Uno come Carlo Mazzone non tornerà più, perché il calcio di Mazzone non tornerà più. Con la sua scomparsa non muore solo un grande ex allenatore italiano, ma un pezzo importante di noi: noi che siamo cresciuti seguendo uno sport aperto all’imprevisto, al pronostico sbagliato, all’errore umano, alle telecronache riconoscibili per stili e linguaggi diversi, che arricchivano il nostro immaginario anziché depauperarlo (e spesso involgarirlo). Dire Mazzone era già un’operazione nostalgia quando era in vita, nel suo esilio beato da nonno felice, dirlo oggi è un’operazione malinconia, ora che il nipote Alessio non potrà più aggiornare i suoi profili social.
Allenò il Bologna in tre momenti ben diversi fra loro. In B nel 1985/86, con Gino Corioni presidente, pochi anni dopo la prima caduta dei rossoblù nelle serie inferiori: c’erano Marocchino, Marronaro, Pradella e Zinetti. Poi in A nel 1998/99, raccogliendo una squadra in salute ma orfana di Roberto Baggio. Mazzone condusse il Bologna in una delle sue stagioni più avvincenti e lunghe, durata 316 giorni e distribuita su cinque diverse competizioni. Sessanta partite, un’enormità: in pratica, una ogni cinque giorni. Tutto cominciò il 18 luglio 1998 con l’Intertoto, torneo cui il BFC ebbe accesso dal terzo turno; poi la Coppa Italia (tenuta viva fino alle semifinali), il campionato, la Coppa UEFA con la cavalcata fino alla semifinale contro il Marsiglia e in coda il doppio spareggio vinto con l’Inter (di Baggio) per l’accesso alla Coppa UEFA successiva. Infine, nel 2003, dopo le dimissioni lampo di Francesco Guidolin, aprì un biennio con parecchi dispiaceri, terminato con la notte disastrosa dello spareggio salvezza vinto dal Parma. ‘Sor Carletto’, che in oltre 1.200 panchine non aveva mai conosciuto l’onta della retrocessione, uscì dal Dall’Ara senza parlare. Nessuno però gli contestò la responsabilità di quel tonfo: di Calciopoli avremmo saputo dopo.

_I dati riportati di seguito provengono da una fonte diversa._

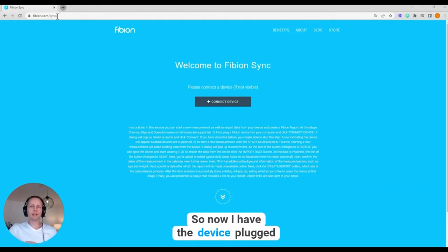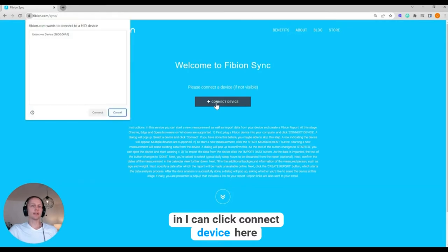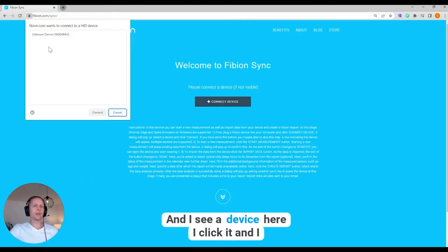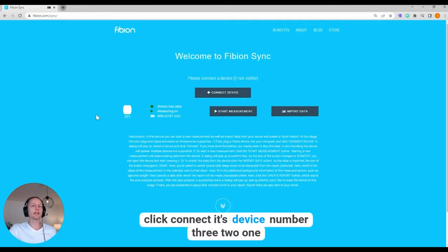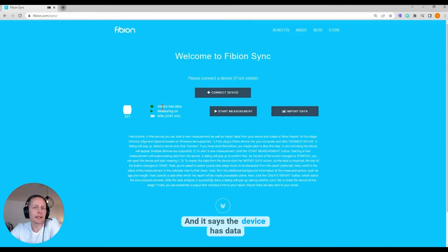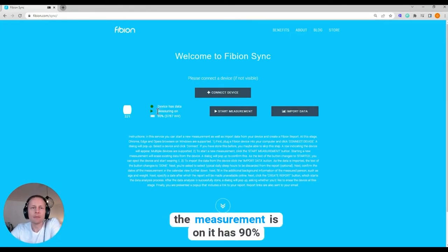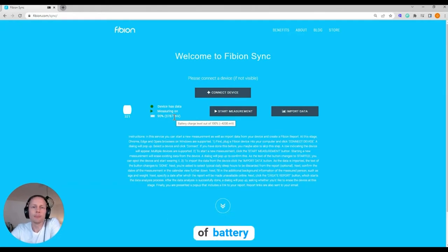So now I have the device plugged in, I can click connect device here. And I see a device here, I click it and I click connect. It's device number 321 and it says that device has data, the measurement is on, it has 90% of battery.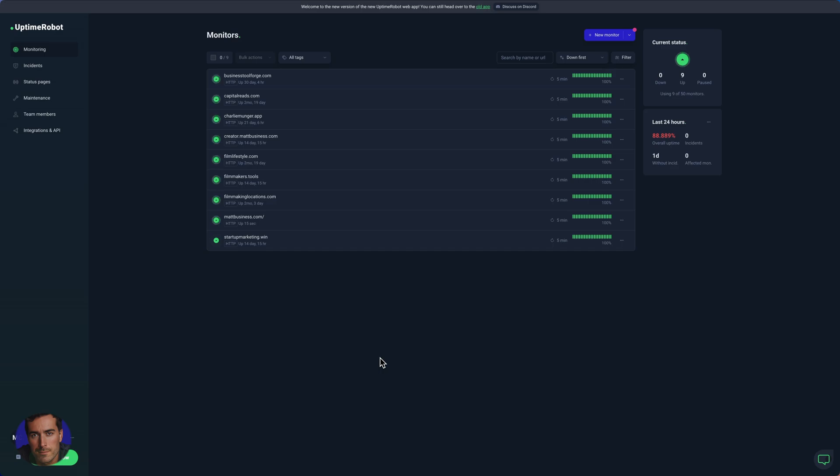So that was a super short, straightforward video on how to create a monitor in Uptime Robot. I hope that was helpful.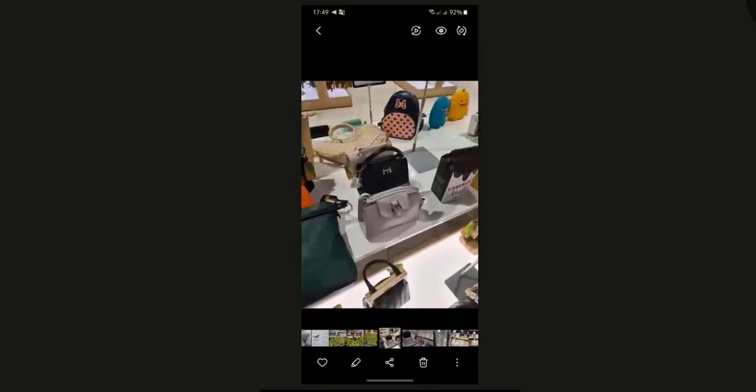Open Phone Gallery, choose the photo that you want to edit. In this example, I will choose that small bag.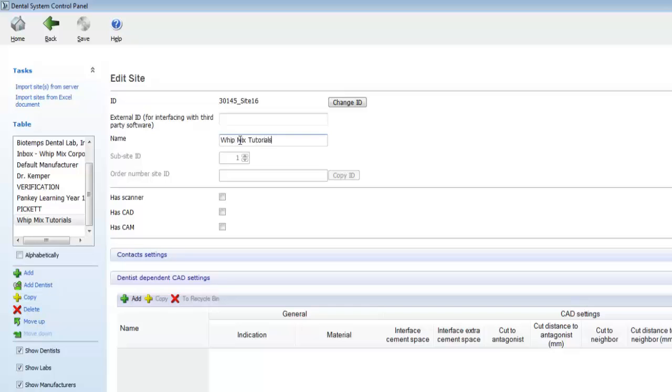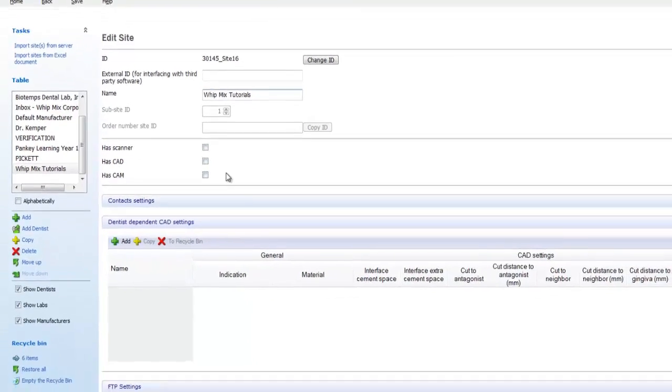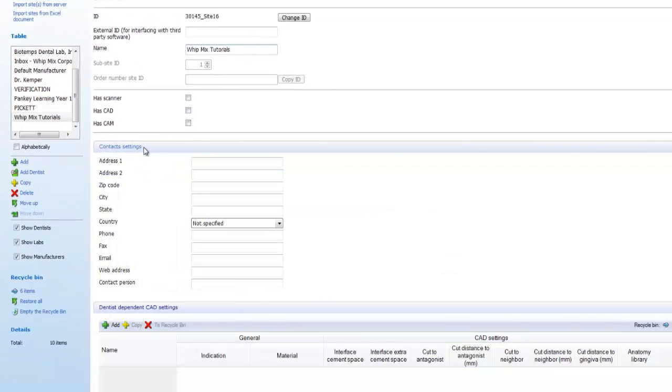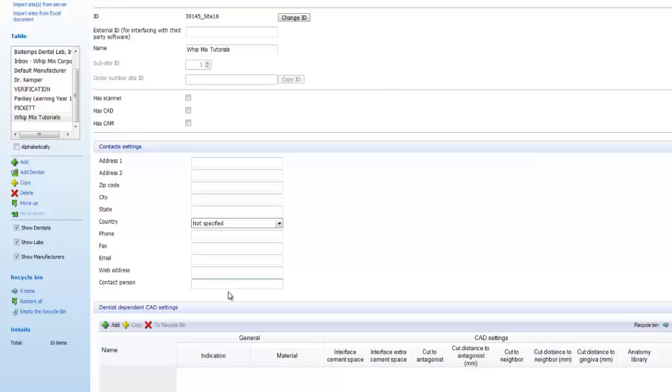Next we can check whether or not the specified person has a scanner, CAD, or CAM. Now we want to click on the text that says contact settings. This will open up contact settings, allowing us to enter more information about the lab or doctor. I only fill in the contact person, but feel free to fill in as much information as you'd like.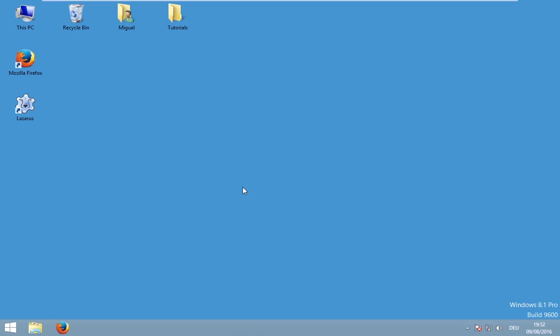Hello and welcome to this video. My name is Miguel and in this video we will create our first calculator, which could be used to calculate plus and minus.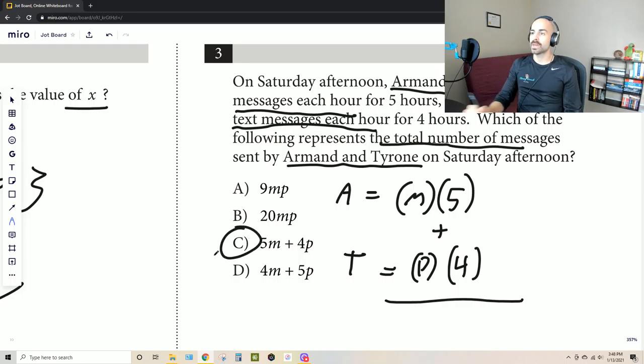For Tyrone, he sent P messages each hour — that's our rate. The word 'each' means 'per,' and that right off the bat tells us it's a rate. In this case it's four. What they're asking for is which of the following represents the total number of messages sent by both of them.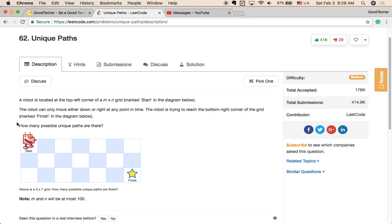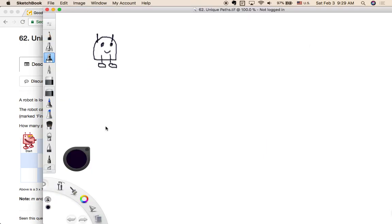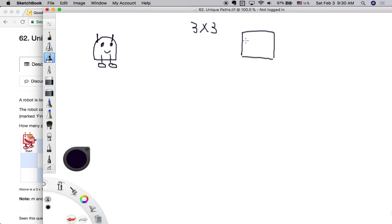Unique paths is a very interesting coding problem. Here we are going to solve it — just follow my example. Suppose we have a robot on a 3×3 grid, with 3 rows and 3 columns. The robot at the beginning is at the top left, and it's trying to reach the bottom right. We need to calculate how many unique paths this robot can take to reach the final point.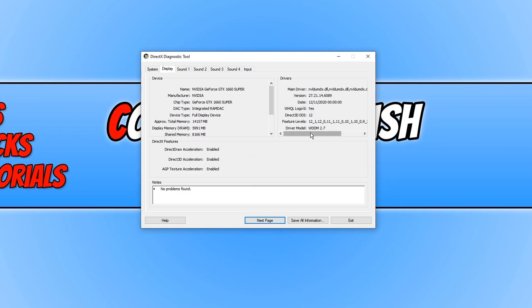So currently, as you can see, I'm running WDDM 2.7. To ensure that you have the latest Windows Display driver model, you just need to make sure that you have the latest Windows 10 updates installed on your PC and also make sure that you've got your latest video drivers installed on your system.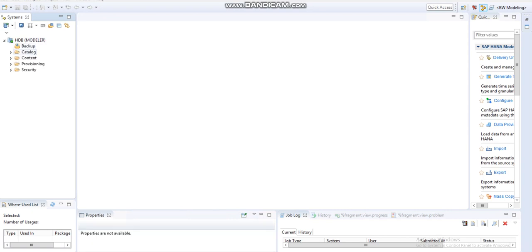We can see the Catalog, Content, Provisioning, and Security. We create the schema in Catalog and the package in Content.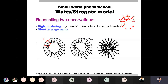But if we look at this lattice, the path length will be much more. For example, you have a node X and a node Y, and you have to reach from X to Y. It takes one, two, three, four, five hops — there are five hops. So you will have a high clustering coefficient and a high average path length.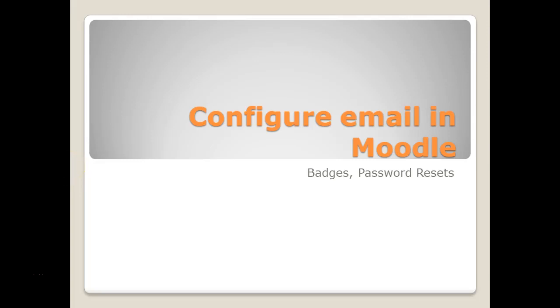In this video, we're going to explore how to configure email in Moodle. Not email for a user, but the email that Moodle physically uses to issue badges, password resets, and any other time it needs to email a registered user.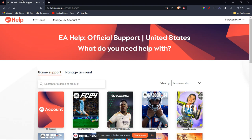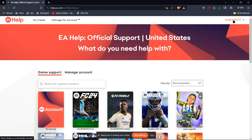First of all, you're going to make sure that you are on the website help.ea.com and you're logged in. If you're not logged in, go ahead and log in first. Now once that is done, you're going to go to Game Support, then Manage Account.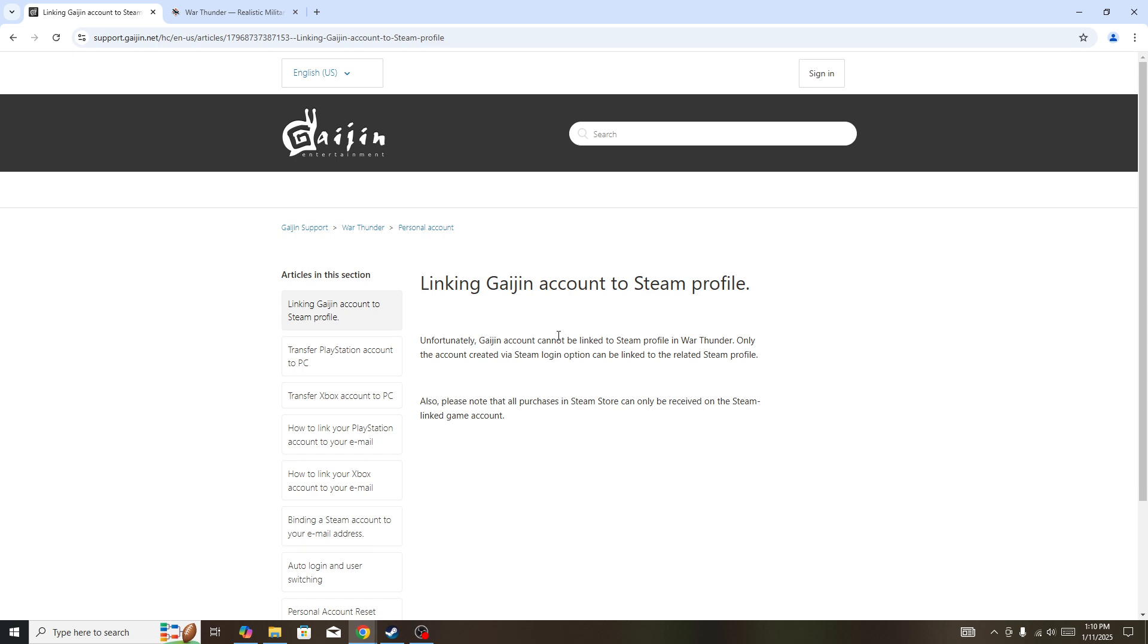is the official Gaijin website. You can't do this directly. Unfortunately, Gaijin account cannot be linked to Steam profile in War Thunder, so you can't do that. If you search for it, you won't be able to do it because it's the official website.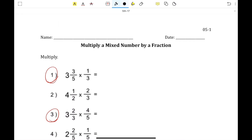Hello FitGraders! Today we're going to go over how to multiply a mixed number by a fraction, how to multiply three mixed fractions, word problems, and how to divide a unit fraction by a whole number.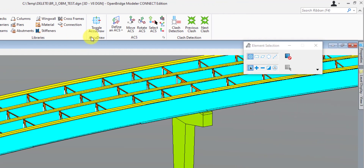Next to the Libraries tool, we have the AccuDraw and ACS tools. These are really useful when working in a 3D environment because oftentimes we'll need to adjust our ACS to align with specific elements rather than the global ACS. The last section is the Clash Detection tab — this is where you can set up and run clash detection reports to determine if you have any clashes between model elements and other disciplines. You can save these reports and settings so that every day you come in you can run them to make sure nothing new came up that might conflict with something you're working on.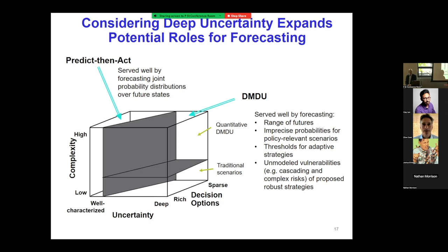If I recall correctly, Ellsberg's dissertation showed that economists themselves don't follow the rational course of action when choosing from the urn — the standard axioms don't apply because people are averse to ambiguity and will choose a strategy that is robust against it. Exactly — not a clear boundary, but a spectrum.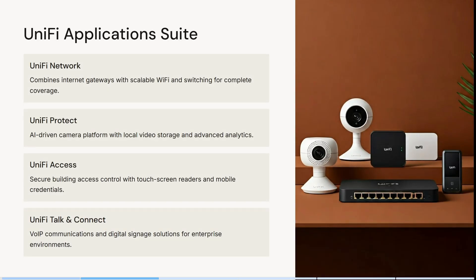Unify also offers combined internet gateways with scalable Wi-Fi and switching for complete coverage. AI-driven camera platforms with local video storage and advanced analytics are within their Unify Protect. Their Unify Access is a secure building access control with touchscreen readers and mobile credentials. VOIP communications and digital signage solutions for enterprise environments is also one of their advantages.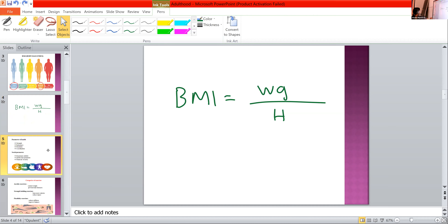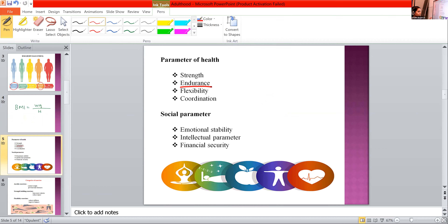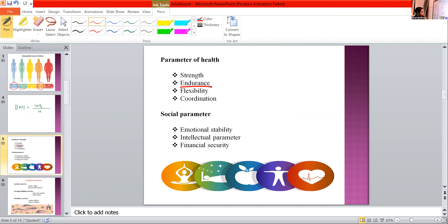Then we learned about some parameters of health: strength, endurance, flexibility, and coordination. What do you mean by endurance? It's a new term, Meghna. The ability to withstand or resist fatigue — that is endurance. By repeatedly doing the same job, the person never feels any fatigue — that is endurance. Then flexibility, coordination, and strength.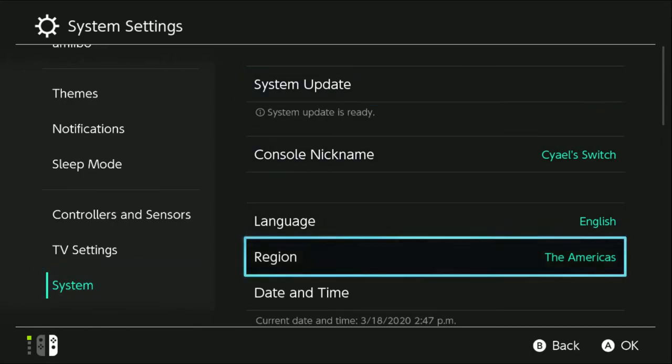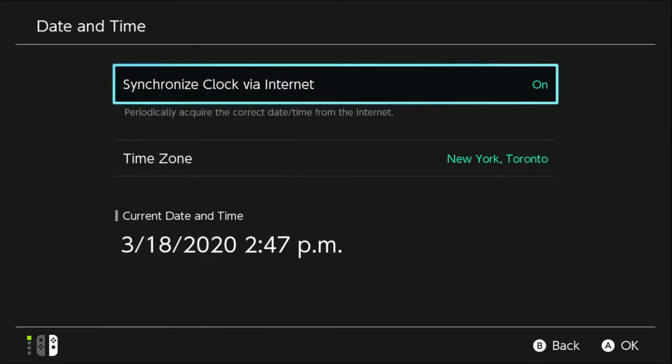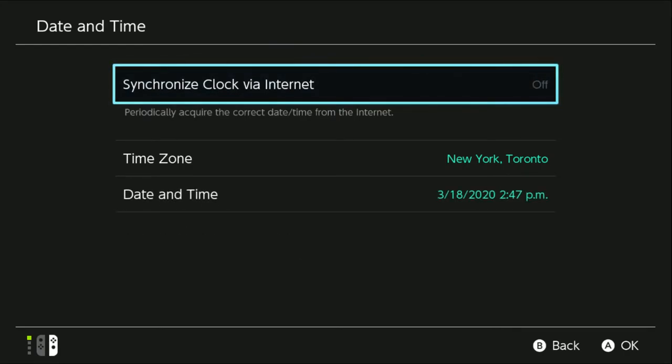Select it and then go down to Date and Time, select it and make sure Synchronize Clock via Internet is set to Off. You'll know it's off because it's grayed out and reads off.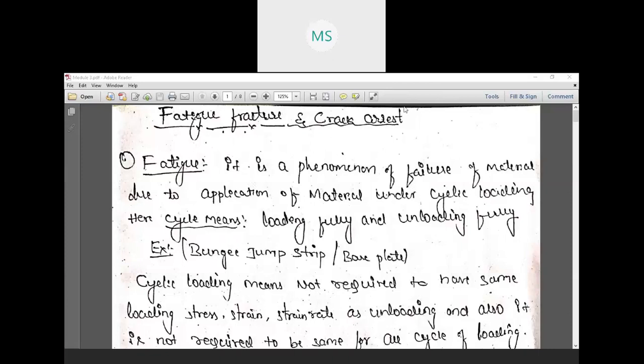Today we are going to start the third module, second topic: fatigue, fracture, and crack arrest. Fatigue is the phenomenon of failure of a material due to the application of cyclic load. Cyclic load can be fully loading or unloading fully. A real-life example is bungee jumping — when you jump, the cord is loaded fully, and when you retract back, it is unloading fully. That kind of load is known as cyclic load.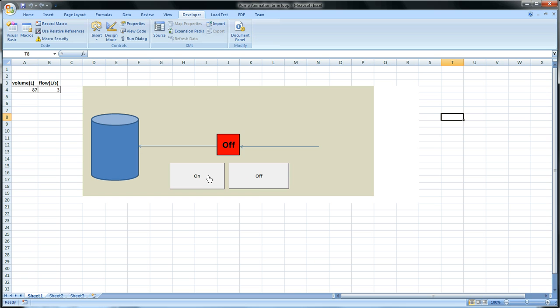So now we have a very simple pump and a time loop. So that was my video over time loop. You can get the program or this software or the code in the description below.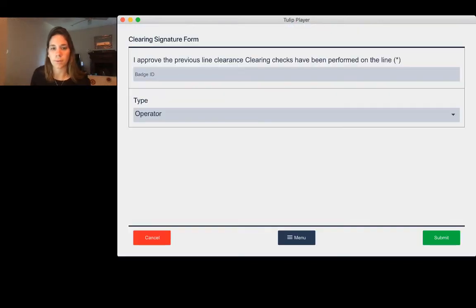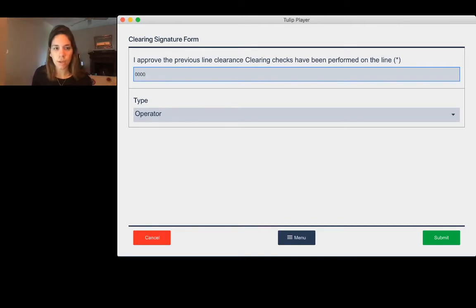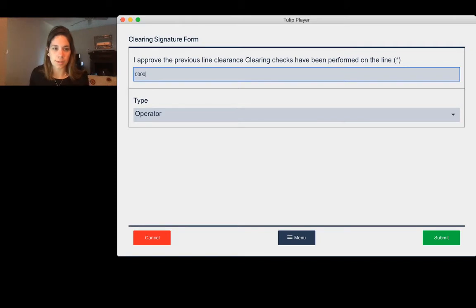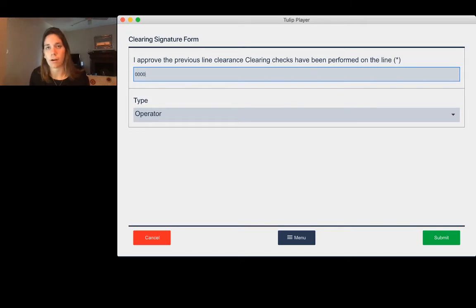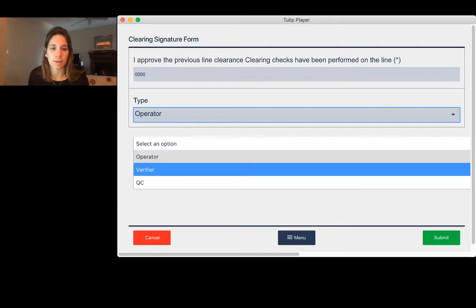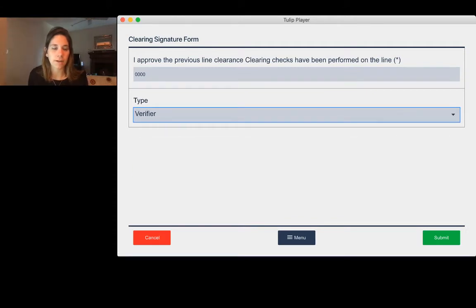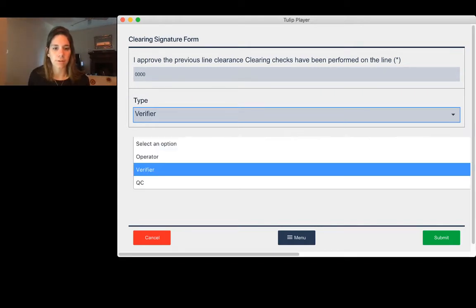You go ahead and click submit, and then it walks us through a signature form. This again you can customize. This is asking a double confirmation of the operator, but since the operator is locked in, they're already being stored with the information. You could change this to be like a verifier, and you could set up the logic to make sure that the person who is signing this form, that the badge ID matches the verifier.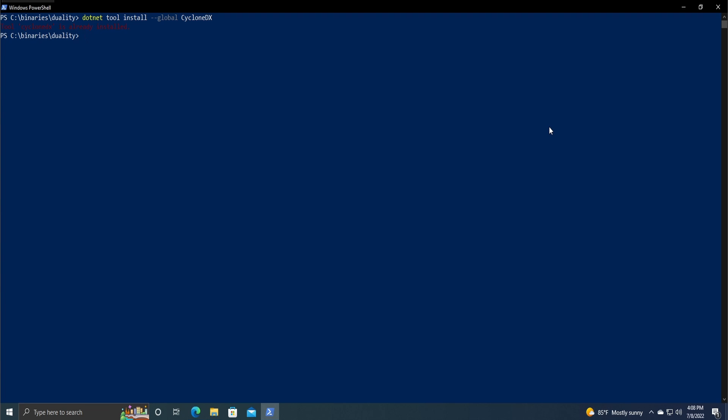Also, the default format is XML but you can change that with the dash j option which just switches it to a JSON format. I'm going to be keeping it XML but you can definitely do dash j.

Il suo calcio non esiste più: «La tattica è l’arma dei poveri», diceva. Eppure fu proprio il re della tattica, Pep Guardiola, a regalargli la gioia più grande: nel maggio 2009 l’allora tecnico del Barcellona fece arrivare un biglietto al suo ex mister: «Ti aspetto all’Olimpico per la finale di Champions». E davanti a lui la sollevò per la prima volta da allenatore. Fortunati i maestri che si fanno ricordare dagli allievi.